5月28日の夜、第14軍管区 (Military Circle)の兵士らがクリスダ・クナセン氏(27歳)を逮捕。チョンブリー県ムアンチョンブリー郡で新政府派の反独裁民主統一戦線(以下UDD)、通称赤シャツ隊に対する踏み込み捜査が行われた際のことだった。同氏の家族の話では、地元の軍指揮官たちが現在にいたるまで彼女の所在を明かすことを拒否しており、弁護士の接見や家族の面会も認めていないという。

ヒューマン・ライツ・ウォッチのアジア局長ブラッド・アダムズは、「軍事政権による秘密裏の逮捕・拘束が、さらに事態を悪化させている」と指摘する。「犯罪容疑で立件されることもなく拘禁されているクリスダ氏などの活動家たちは、速やかに釈放されるべきだ。」

クリスダ氏はUDD支持の著名な活動家。2010年にアピシット政権(当時)との政治対立のせいで訴追・投獄されたUDDメンバーや支持者に、法的支援・人道支援を提供するキャンペーンで精力的に活動していた。

クリスダ氏の拘禁は国軍が発動した戒厳令(1914年)が認める7日間の行政拘禁期間をすでに超えている。彼女が立件されて、チョンブリー県などの拘置所に移送されたという正式通知は全く受けていないと、家族は話す。

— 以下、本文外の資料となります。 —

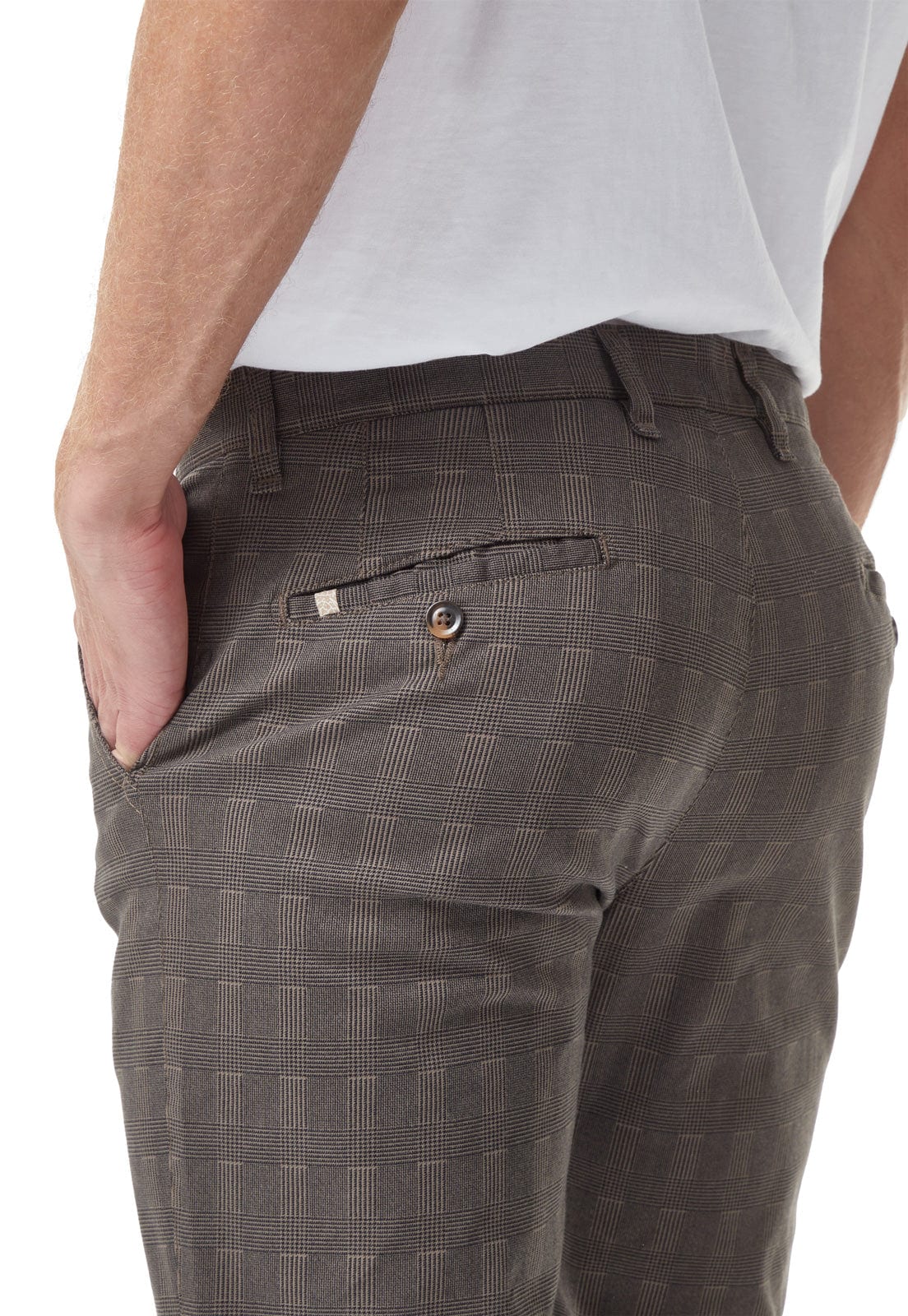 Pantalón dril a cuadros cafe - imagen 4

ヒューマン・ライツ・ウォッチは、権力の座を追われた与党タイ貢献党の政治家やUDDのメンバーが恣意的に逮捕され、外界との連絡を絶たれて隔離拘禁されているという報告を受け続けている。

6月9日の午後4時ごろにはバンコクのワントーンラーン区で、率直な物言いで知られる与党タイ貢献党党員かつUDD指導者のシントン氏(51歳)が兵士らによる家宅捜索を受けた。同氏はミニバンに乗せられ、連れ去られた。拘束場所は明らかにされていない。家族がマスメディアに語ったところによると、家宅捜索の前に出頭命令も逮捕状も出ていなかった。国軍はこれまで、同氏の逮捕に対する根拠や所在について何ら情報を提供していない。

国際法が定義する「強制失踪」とは、政府関係者あるいは国家公務員が個人を逮捕または拘禁したにも拘わらず、その者を拘束している事実を否定し、若しくはその者の消息や所在を明らかにしないことである。「強制失踪」は、タイ政府も加盟している「市民的及び政治的権利に関する国際規約」(ICCPR)が禁止する様々な基本的人権の侵害行為である。例えば、恣意的逮捕および拘禁、拷問ほか残酷で非人道的あるいは品位を下げる待遇、そして超法規的処刑などである。

タイ国軍は5月22日にクーデターで権力を掌握すると、国軍の全部門と警察からなる国家平和秩序評議会を設置。以来軍は、200人超の与野党政治家、活動家、ジャーナリストほかを拘禁している。拘束理由は、前政権への支持、君主制への不敬・挑発、クーデター反対デモや活動への参加などだ。

多くの人が釈放されたとはいえ、国軍は更なる人びとに新たな出頭命令を出し続けている。出頭命令に応じると通常、尋問されたのちに軍事基地などの公式な拘禁施設でない場所で、外界との連絡を絶たれて隔離拘禁されることが多い。国家平和秩序評議会の出頭に応じなければ逮捕・訴追されたり、出入国管理局の出国禁止リストに載せられたりする。

前出のアダムズ局長は、「タイ国軍は、正式手続きを経ない恣意的な逮捕や、拘束場所を秘密にするのをやめる必要がある」と述べる。「所在が明らかにされないので、捕まっている人びとの身の安全に対する懸念は深まるばかりだ。」